Eosinophils can release a number of lipid mediators and are one of the relatively few sources of suliphidopeptide leukotrienes, although per cell they release approximately 10-fold less than mast cells and basophils.103 This is in contrast to neutrophils that produce large amounts of leukotriene (LT)B4, but little, if any, LTC4. LTC4 generation by human eosinophils also occurs after stimulation with opsonized zymosan and beads coated with IgG. Eosinophils can also generate substantial quantities of 15-HETE (hydroxyeicosatetraenoic acid) via 15-lipoxygenase. Eosinophils also generate platelet-activating factor (PAF) after stimulation with either calcium ionophore or IgG-coated beads. Eosinophils can also generate mediators of the cyclooxygenase pathway, including prostaglandins E1 and E2, thromboxane B2 (TXB2), and prostaglandin D2.104 The principal sites of eicosanoid formation in eosinophils are the lipid bodies, which contain large amounts of arachidonic acid and enzymes required for eicosanoid synthesis, including 5-lipoxygenase, LTC4 synthase, and cyclooxygenase.105 Eosinophils release significant amounts of TGF–β and TGF–α and this has stimulated interest in a potential role in causing airway remodeling. There is evidence that TGF–β released by eosinophils can promote the generation of fibromyocytes and anti–IL-5 reduced the amount of tenascin in the reticular subepithelial membrane.106,107 Thickening of this membrane is closely associated with eosinophilic airway inflammation, although not with AHR or airflow obstruction.108 Vasoactive intestinal peptide (VIP) has been detected in eosinophils in granulomas from mice infected with schistosomes and the eosinophil contains a number of granule-stored enzymes, whose roles in eosinophil function are not clear. These enzymes include acid phosphatase, collagenase, arylsulfatase B, histaminase, phospholipase D, catalase, nonspecific esterases, vitamin B12–binding proteins, and glycosaminoglycans. Eosinophils can undergo a respiratory burst with release of superoxide ion and H2O2 in response to stimulation, with both particulate stimuli, such as opsonized zymosan, and soluble mediators, such as leukotriene and phorbolmyrisate acetate. Eosinophils are twice as chemoluminescent as neutrophils.

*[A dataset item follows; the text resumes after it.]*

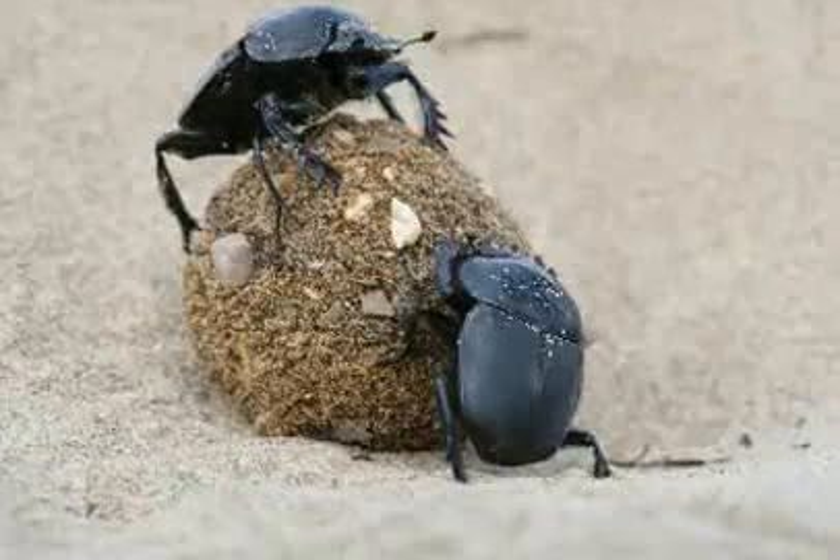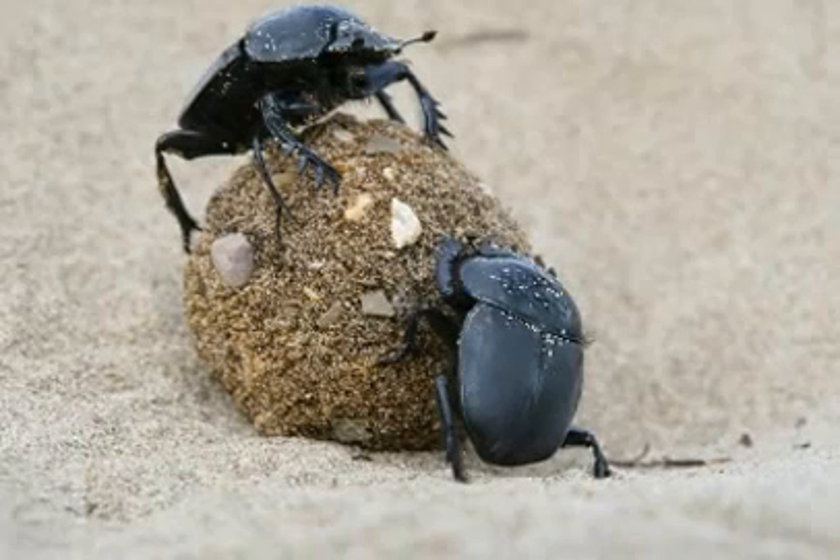Hey guys, in this video we will talk about dung beetle facts. Dung beetles are beetles that feed partly or exclusively on dung or feces.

Eosinophil Granule Proteins
A specific and important feature of eosinophils is the large amounts of basic proteins they contain within their specific granules. These are MBP, eosinophil cationic protein (ECP), eosinophil peroxidase, and eosinophil derived neurotoxin (EDN).109 MBP has a molecular mass of 13.8 kDa and an isoelectric point (pI) of 10.9. Its 17 arginine residues account for its alkalinity. It is initially synthesized as an acidic proprotein that is stored in the eosinophil granule. MBP becomes toxic only after it is released and processed into its final form. Purified MBP is cytotoxic for the schistosomula of Schistosoma mansoni, and adherence of eosinophils to IgG-coated schistosomula results in the secretion of MBP onto the tegument of the larvae, resulting in loss of viability.110 MBP at concentrations as low as 10 mg/mL is toxic for both guinea pig and human respiratory epithelial cells, as well as for rat and human pneumocytes. The mechanism of action of MBP on epithelial cells is mediated through inhibition of adenosine triphosphatase (ATPase) activity. MBP and eosinophil peroxidase are strong agonists for platelet activation as well as activation of mast cells, basophils, and neutrophils.111 The mechanisms of action of MBP is likely to be related to its hydrophobicity and strong negative charge. Basophils also contain MBP but only approximately 2 percent that of eosinophils.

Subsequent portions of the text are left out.